Content starts

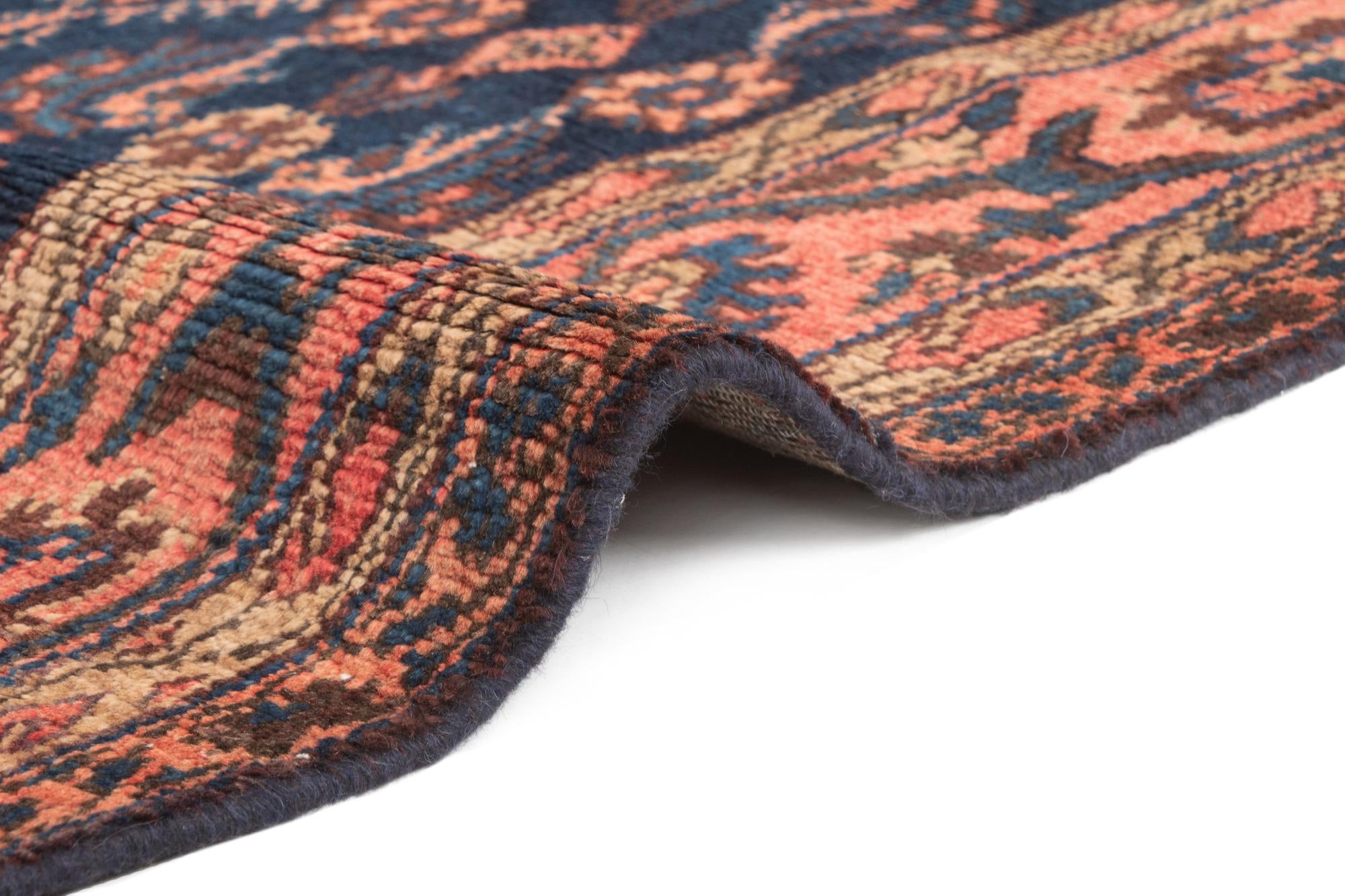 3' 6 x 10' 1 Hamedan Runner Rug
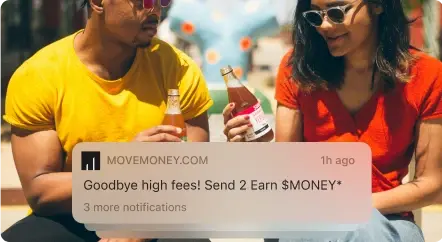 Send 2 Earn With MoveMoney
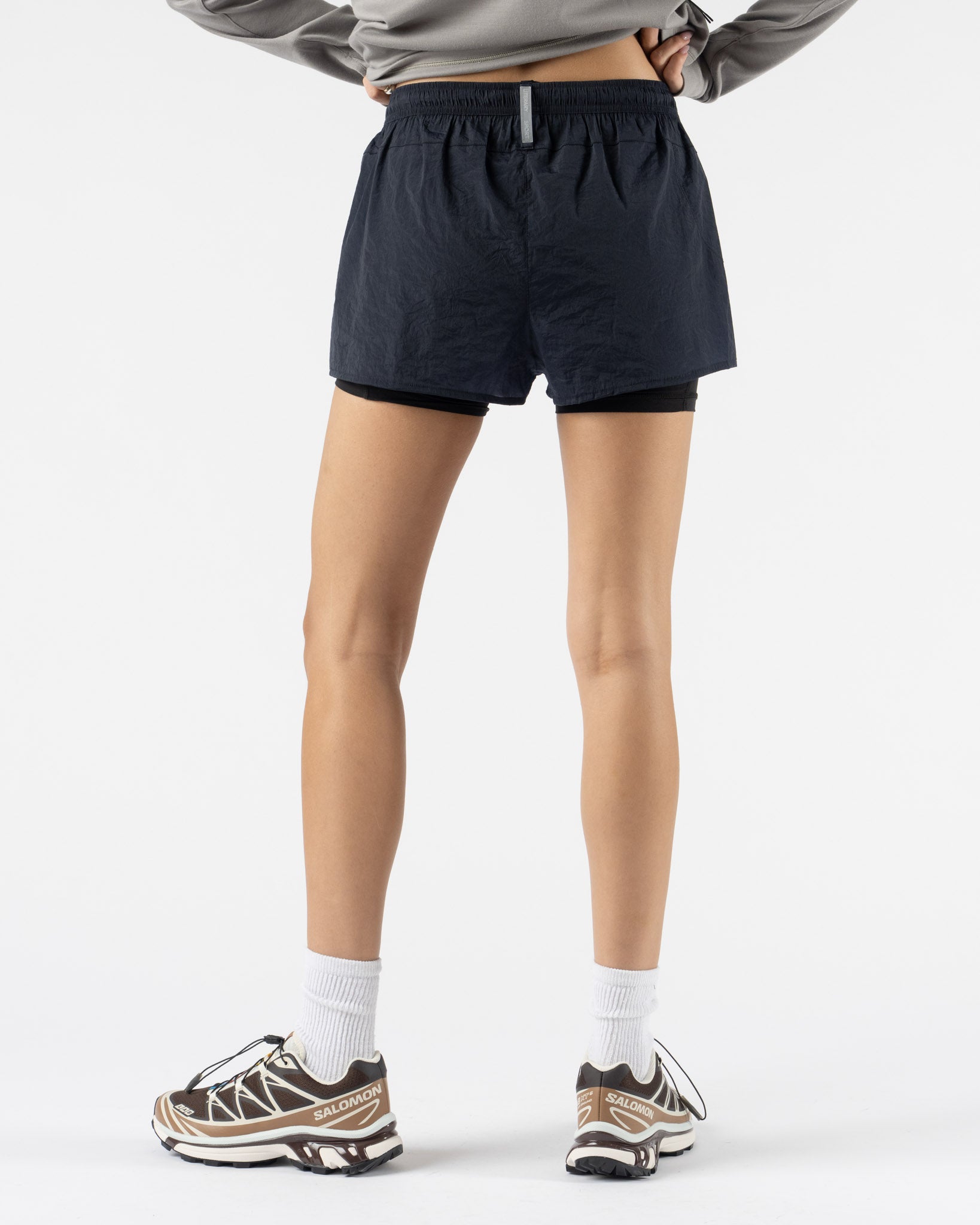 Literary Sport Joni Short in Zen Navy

Content ends

Task to carry out:
Repeat the listing in full and exactly. Leave any pictures out.

Task answer:
 3' 6 x 10' 1 Hamedan Runner Rug
 Send 2 Earn With MoveMoney
 Literary Sport Joni Short in Zen Navy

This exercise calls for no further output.